_Saved entries_
▽

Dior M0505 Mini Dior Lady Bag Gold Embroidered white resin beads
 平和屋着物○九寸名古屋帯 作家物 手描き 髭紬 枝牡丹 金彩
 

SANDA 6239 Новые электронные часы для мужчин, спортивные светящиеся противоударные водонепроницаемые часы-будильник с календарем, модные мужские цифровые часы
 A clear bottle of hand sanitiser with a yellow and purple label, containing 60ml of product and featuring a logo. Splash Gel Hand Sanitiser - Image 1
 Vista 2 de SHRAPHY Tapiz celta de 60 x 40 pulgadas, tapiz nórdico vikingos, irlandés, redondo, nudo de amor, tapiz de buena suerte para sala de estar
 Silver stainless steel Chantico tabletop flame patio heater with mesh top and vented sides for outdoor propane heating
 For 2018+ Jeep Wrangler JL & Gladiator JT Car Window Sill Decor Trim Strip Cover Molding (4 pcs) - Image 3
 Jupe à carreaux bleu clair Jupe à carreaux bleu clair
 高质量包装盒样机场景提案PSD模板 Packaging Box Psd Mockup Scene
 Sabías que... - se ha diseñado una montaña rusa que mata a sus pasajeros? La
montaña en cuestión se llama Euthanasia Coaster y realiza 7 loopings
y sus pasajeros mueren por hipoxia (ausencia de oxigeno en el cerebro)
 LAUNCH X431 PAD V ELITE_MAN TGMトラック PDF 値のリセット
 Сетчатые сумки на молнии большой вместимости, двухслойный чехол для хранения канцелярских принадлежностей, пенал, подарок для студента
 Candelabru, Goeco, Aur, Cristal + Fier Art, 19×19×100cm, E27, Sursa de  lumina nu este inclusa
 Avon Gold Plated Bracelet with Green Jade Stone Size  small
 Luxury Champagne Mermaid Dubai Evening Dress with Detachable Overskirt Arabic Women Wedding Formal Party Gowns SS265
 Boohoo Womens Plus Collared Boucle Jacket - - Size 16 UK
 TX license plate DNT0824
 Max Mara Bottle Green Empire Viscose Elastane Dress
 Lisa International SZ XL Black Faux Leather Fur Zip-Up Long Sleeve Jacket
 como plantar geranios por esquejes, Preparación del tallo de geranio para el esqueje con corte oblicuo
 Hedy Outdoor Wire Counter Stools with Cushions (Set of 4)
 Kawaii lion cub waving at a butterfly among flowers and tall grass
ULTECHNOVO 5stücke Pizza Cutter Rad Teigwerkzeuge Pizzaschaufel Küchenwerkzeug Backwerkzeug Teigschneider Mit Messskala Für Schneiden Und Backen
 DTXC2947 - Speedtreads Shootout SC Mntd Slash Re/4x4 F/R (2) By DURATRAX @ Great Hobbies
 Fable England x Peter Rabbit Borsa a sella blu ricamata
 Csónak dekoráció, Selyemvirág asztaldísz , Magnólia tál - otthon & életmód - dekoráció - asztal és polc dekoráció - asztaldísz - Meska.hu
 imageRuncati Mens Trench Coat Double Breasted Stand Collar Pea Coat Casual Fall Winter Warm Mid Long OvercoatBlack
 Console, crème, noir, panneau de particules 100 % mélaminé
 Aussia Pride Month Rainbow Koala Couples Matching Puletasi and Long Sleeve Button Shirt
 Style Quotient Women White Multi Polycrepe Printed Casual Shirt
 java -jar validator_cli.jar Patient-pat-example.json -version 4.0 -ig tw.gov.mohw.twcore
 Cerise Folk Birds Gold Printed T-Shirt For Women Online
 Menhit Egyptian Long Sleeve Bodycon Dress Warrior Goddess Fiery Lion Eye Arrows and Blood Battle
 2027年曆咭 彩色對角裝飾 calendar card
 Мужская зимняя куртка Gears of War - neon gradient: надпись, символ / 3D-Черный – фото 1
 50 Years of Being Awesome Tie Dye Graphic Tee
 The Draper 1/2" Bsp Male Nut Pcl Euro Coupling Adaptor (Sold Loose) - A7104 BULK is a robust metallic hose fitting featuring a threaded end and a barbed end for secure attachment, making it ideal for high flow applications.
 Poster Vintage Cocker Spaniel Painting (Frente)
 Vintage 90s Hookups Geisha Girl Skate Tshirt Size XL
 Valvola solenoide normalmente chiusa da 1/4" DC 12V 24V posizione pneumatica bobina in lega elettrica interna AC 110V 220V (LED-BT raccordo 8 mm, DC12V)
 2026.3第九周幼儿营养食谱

△

_Task to complete_
The records above are to be printed in full, exactly as they appear.

_Response to this exercise_
Dior M0505 Mini Dior Lady Bag Gold Embroidered white resin beads
 平和屋着物○九寸名古屋帯 作家物 手描き 髭紬 枝牡丹 金彩
 

SANDA 6239 Новые электронные часы для мужчин, спортивные светящиеся противоударные водонепроницаемые часы-будильник с календарем, модные мужские цифровые часы
 A clear bottle of hand sanitiser with a yellow and purple label, containing 60ml of product and featuring a logo. Splash Gel Hand Sanitiser - Image 1
 Vista 2 de SHRAPHY Tapiz celta de 60 x 40 pulgadas, tapiz nórdico vikingos, irlandés, redondo, nudo de amor, tapiz de buena suerte para sala de estar
 Silver stainless steel Chantico tabletop flame patio heater with mesh top and vented sides for outdoor propane heating
 For 2018+ Jeep Wrangler JL & Gladiator JT Car Window Sill Decor Trim Strip Cover Molding (4 pcs) - Image 3
 Jupe à carreaux bleu clair Jupe à carreaux bleu clair
 高质量包装盒样机场景提案PSD模板 Packaging Box Psd Mockup Scene
 Sabías que... - se ha diseñado una montaña rusa que mata a sus pasajeros? La
montaña en cuestión se llama Euthanasia Coaster y realiza 7 loopings
y sus pasajeros mueren por hipoxia (ausencia de oxigeno en el cerebro)
 LAUNCH X431 PAD V ELITE_MAN TGMトラック PDF 値のリセット
 Сетчатые сумки на молнии большой вместимости, двухслойный чехол для хранения канцелярских принадлежностей, пенал, подарок для студента
 Candelabru, Goeco, Aur, Cristal + Fier Art, 19×19×100cm, E27, Sursa de  lumina nu este inclusa
 Avon Gold Plated Bracelet with Green Jade Stone Size  small
 Luxury Champagne Mermaid Dubai Evening Dress with Detachable Overskirt Arabic Women Wedding Formal Party Gowns SS265
 Boohoo Womens Plus Collared Boucle Jacket - - Size 16 UK
 TX license plate DNT0824
 Max Mara Bottle Green Empire Viscose Elastane Dress
 Lisa International SZ XL Black Faux Leather Fur Zip-Up Long Sleeve Jacket
 como plantar geranios por esquejes, Preparación del tallo de geranio para el esqueje con corte oblicuo
 Hedy Outdoor Wire Counter Stools with Cushions (Set of 4)
 Kawaii lion cub waving at a butterfly among flowers and tall grass
ULTECHNOVO 5stücke Pizza Cutter Rad Teigwerkzeuge Pizzaschaufel Küchenwerkzeug Backwerkzeug Teigschneider Mit Messskala Für Schneiden Und Backen
 DTXC2947 - Speedtreads Shootout SC Mntd Slash Re/4x4 F/R (2) By DURATRAX @ Great Hobbies
 Fable England x Peter Rabbit Borsa a sella blu ricamata
 Csónak dekoráció, Selyemvirág asztaldísz , Magnólia tál - otthon & életmód - dekoráció - asztal és polc dekoráció - asztaldísz - Meska.hu
 imageRuncati Mens Trench Coat Double Breasted Stand Collar Pea Coat Casual Fall Winter Warm Mid Long OvercoatBlack
 Console, crème, noir, panneau de particules 100 % mélaminé
 Aussia Pride Month Rainbow Koala Couples Matching Puletasi and Long Sleeve Button Shirt
 Style Quotient Women White Multi Polycrepe Printed Casual Shirt
 java -jar validator_cli.jar Patient-pat-example.json -version 4.0 -ig tw.gov.mohw.twcore
 Cerise Folk Birds Gold Printed T-Shirt For Women Online
 Menhit Egyptian Long Sleeve Bodycon Dress Warrior Goddess Fiery Lion Eye Arrows and Blood Battle
 2027年曆咭 彩色對角裝飾 calendar card
 Мужская зимняя куртка Gears of War - neon gradient: надпись, символ / 3D-Черный – фото 1
 50 Years of Being Awesome Tie Dye Graphic Tee
 The Draper 1/2" Bsp Male Nut Pcl Euro Coupling Adaptor (Sold Loose) - A7104 BULK is a robust metallic hose fitting featuring a threaded end and a barbed end for secure attachment, making it ideal for high flow applications.
 Poster Vintage Cocker Spaniel Painting (Frente)
 Vintage 90s Hookups Geisha Girl Skate Tshirt Size XL
 Valvola solenoide normalmente chiusa da 1/4" DC 12V 24V posizione pneumatica bobina in lega elettrica interna AC 110V 220V (LED-BT raccordo 8 mm, DC12V)
 2026.3第九周幼儿营养食谱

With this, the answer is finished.